Research in systems-oriented computer science involves the implementation of prototypes and their experimental evaluation. It is not uncommon, in particular for young researchers (means students), to spent most of their time on the implementation itself, spending little time on the evaluation of the system. Of course, it is then often too late to discover that a proper experimental evaluation of a system takes lots of time and effort. I am writing this in order to help people to avoid falling into this trap.

  1. Experiments need to be repeatable.
    This simple statement has lots of consequences. It means that it is not sufficient to run a program (or system) in a random environment with random inputs producing perhaps random outputs. Instead, everything impacting the experiment must be clearly documented. This usually concerns the execution environment, the input data set, and the output produced. It is good if the input data set is openly available. Ideally, data sets can be used that have already been used in related work since this enabled comparisons. Making the implementation available is a great idea as well since this allows others to followup on your work. Finally, care must be taken that output produced by running the program or system are verified to be correct.
  2. Experiments require proper data analysis.
    As we all know, it is not sufficient to throw a coin once to derive any conclusions about its behavior. The same applies to many experiments in computer science. It is often necessary to repeat experiments and it is insufficient to state that an experiment has been repeated N times and you show average values. You need to explain why N is a reasonable number. Furthermore, an average might hide a large variation, leading to wrong conclusions. Hence, it is necessary to do some basic data analysis (like calculating confidence intervals) to show whether a sufficient number of experiments have been performed and whether the numbers or graphs showing mean values carry any meaning.

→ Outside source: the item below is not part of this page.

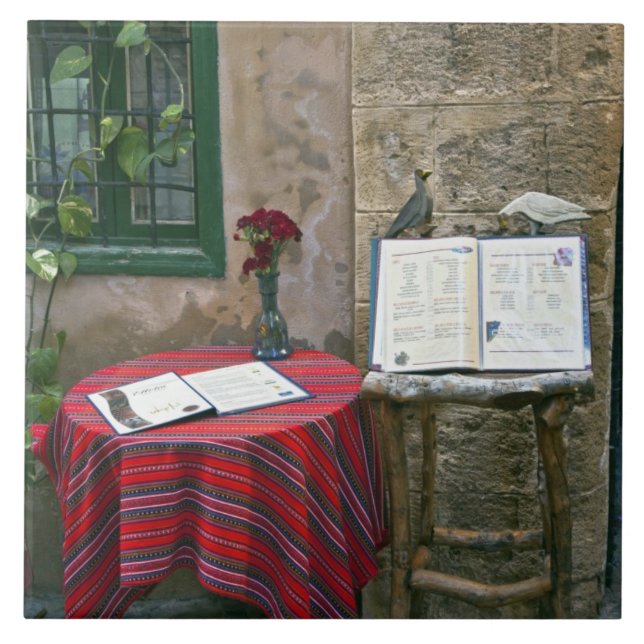 Sidewalk Café, Chania, Kreta, Griechenland Fliese (Vorderseite)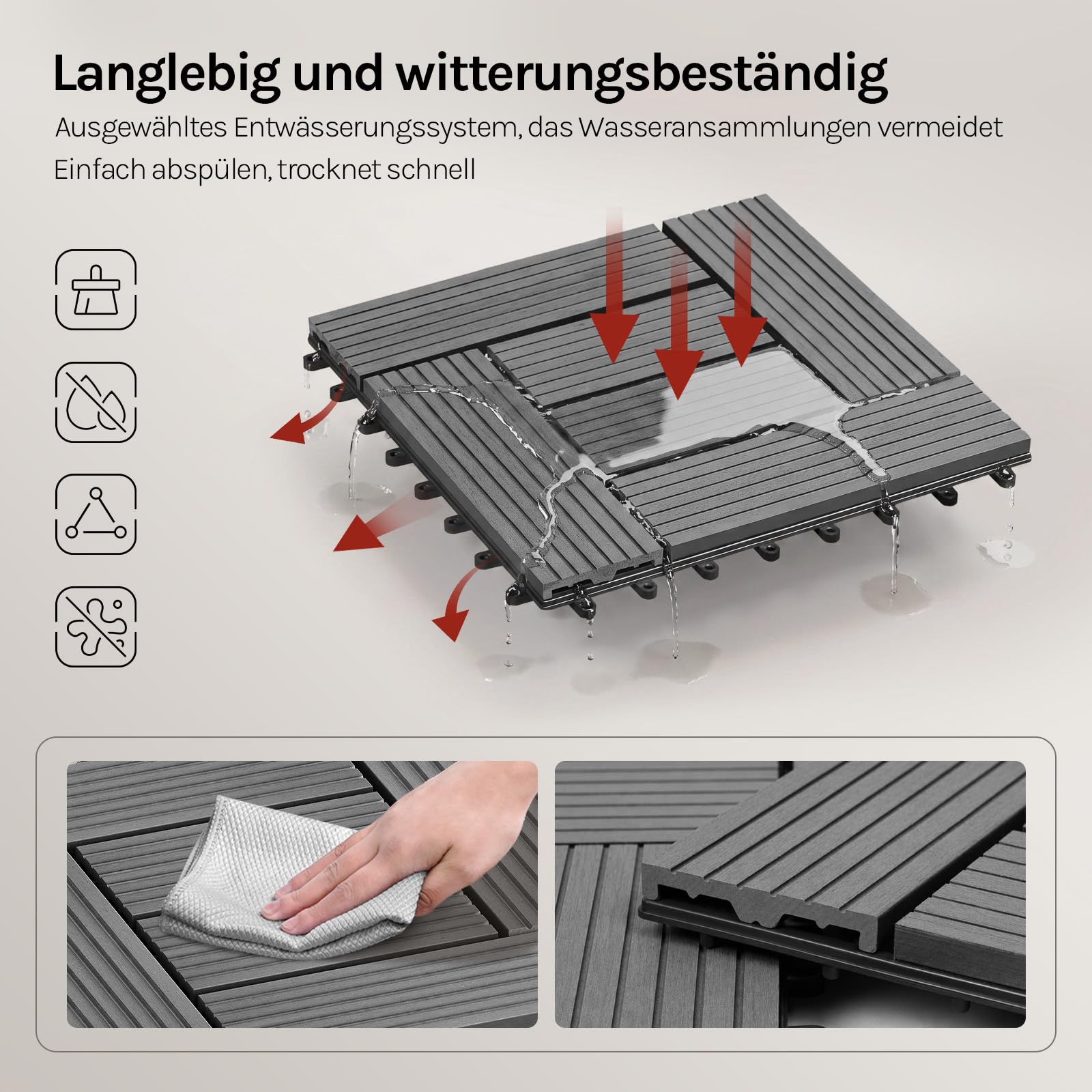 WOLTU WPC Terrassenfliesen Holzoptik, Hellgrau (22 Stück / 2 m²) | Premium WPC ohne Verwitterung, rutschhemmend, Klickverbindung ohne Werkzeug, für Garten und Terrasse nutzbar, langlebig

  3. Experiments produce data not graphs.
    While plots are often nice to visualize results, it is often more useful to provide numeric results in tables. Have you ever tried to read numbers out of a 3D-plot, e.g., to compare them with your results? Once you try to do this, you will notice that many impressive colorful plots have close to zero value. Think about numbers as the main result of your experiment and graphs just as an additional representation to visualize certain interesting aspects.
  4. Experimental results need an interpretation.
    It is not sufficient to produce a number of tables and plots. It is crucial to interpret them. In particular, any unexpected results need an explanation. Yes, this can often be difficult and usually requires further experimentation in order to understand what is going on. But gaining this further insight into the program or system is crucial for understanding it. In fact, substantial (and often fun) research often starts after the initial data has been collected - you observe something unexpected and you start trying to understand it. (Of course, if you are running late, you will unfortunately often miss the fun of doing this part of research.)
  5. Experiments need to be designed.
    It is not sufficient to run a program (or system) in a random environment with random inputs producing (perhaps random) outputs. Instead, you need to design the experiments you perform. You need to think upfront about the research question you want to answer with the experiment. It is often the case that you start from a rather simple question. But once the results obtained show surprising (unexpected) behavior (which is often the case), it is crucial to iterate the process by designing new experiments to find answers explaining the surprising behavior observed. Of course, all this requires that you thought about expected results while designing the experiment. Having simple models of the system and a sound analysis of the complexity of the algorithms involved will be helpful to determine what a reasonable expected behavior is.